I'm in the process of cleaning up code with pylint in order to be able to use it for pre-commit validation. I have a lot of "unused-argument" warning when in fact they are used. Here is an example triggering a false positive.

def addSeven(foo): #Here I have a warning "Unused argument 'foo'"
    foo += [7]

example = [3, 4, 5, 6]

addSeven(example)
print example

I do not wish to suppress globally this warning because i would like to see the times when an argument is really unused. Is there an other option that manually adding a disable comment in each occurence? Is it a known problem with pylint?

Was it helpful?

Solution 2

This is reasonable behavior from pylint; if the object passed is immutable then the statement given is essentially a no-op. Only when is mutable does it seem incorrect.

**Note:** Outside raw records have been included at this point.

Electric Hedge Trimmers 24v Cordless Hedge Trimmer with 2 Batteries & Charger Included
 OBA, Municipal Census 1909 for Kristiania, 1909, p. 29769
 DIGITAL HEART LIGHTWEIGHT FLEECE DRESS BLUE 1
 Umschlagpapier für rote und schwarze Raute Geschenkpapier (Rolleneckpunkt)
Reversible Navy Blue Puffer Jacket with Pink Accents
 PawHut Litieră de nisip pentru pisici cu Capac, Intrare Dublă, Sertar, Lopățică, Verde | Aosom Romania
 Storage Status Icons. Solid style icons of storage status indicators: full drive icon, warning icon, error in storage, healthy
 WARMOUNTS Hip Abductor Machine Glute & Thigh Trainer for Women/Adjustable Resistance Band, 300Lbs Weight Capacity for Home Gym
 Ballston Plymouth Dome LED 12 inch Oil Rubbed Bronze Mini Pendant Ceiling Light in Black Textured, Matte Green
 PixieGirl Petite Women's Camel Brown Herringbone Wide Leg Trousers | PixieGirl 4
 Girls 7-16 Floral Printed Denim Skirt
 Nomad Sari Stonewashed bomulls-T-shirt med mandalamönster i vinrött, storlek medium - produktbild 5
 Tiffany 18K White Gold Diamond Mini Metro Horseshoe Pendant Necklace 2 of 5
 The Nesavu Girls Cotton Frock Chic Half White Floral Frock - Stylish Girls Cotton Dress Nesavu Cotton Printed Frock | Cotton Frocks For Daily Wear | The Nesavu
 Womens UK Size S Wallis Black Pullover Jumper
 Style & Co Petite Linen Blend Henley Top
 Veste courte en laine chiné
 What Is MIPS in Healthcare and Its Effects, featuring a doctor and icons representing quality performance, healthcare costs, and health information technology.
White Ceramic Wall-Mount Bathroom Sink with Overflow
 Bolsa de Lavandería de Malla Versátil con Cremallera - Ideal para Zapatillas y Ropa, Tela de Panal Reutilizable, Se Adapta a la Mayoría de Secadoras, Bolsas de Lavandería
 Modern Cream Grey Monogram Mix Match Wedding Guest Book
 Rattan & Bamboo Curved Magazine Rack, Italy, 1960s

Unfortunately if you don't want to globally disable the warning then you will need to disable it per instance.

OTHER TIPS

You can disable it for any scope by adding:

def myfunc(a):
    # pylint: disable=W0612,W0613

see https://pylint.readthedocs.io/en/latest/faq.html#is-it-possible-to-locally-disable-a-particular-message

pylint is generally a good indicator of bad style. Even when it gives a "false positive", it is probably due to doing things against convention. I am no expert, but I'd say a function that only has a side effect is not optimal. Some people (Robert Martin in Clean Code, for example), go as far as saying all side effects are lies.

I'd recommend (again, I am no expert):

def addSeven(foo):
    return foo + [7]

example = [3, 4, 5, 6]

example = addSeven(example)

Arguments should be input-only, and output should be via return value. Output arguments are bad practice, as far as I know.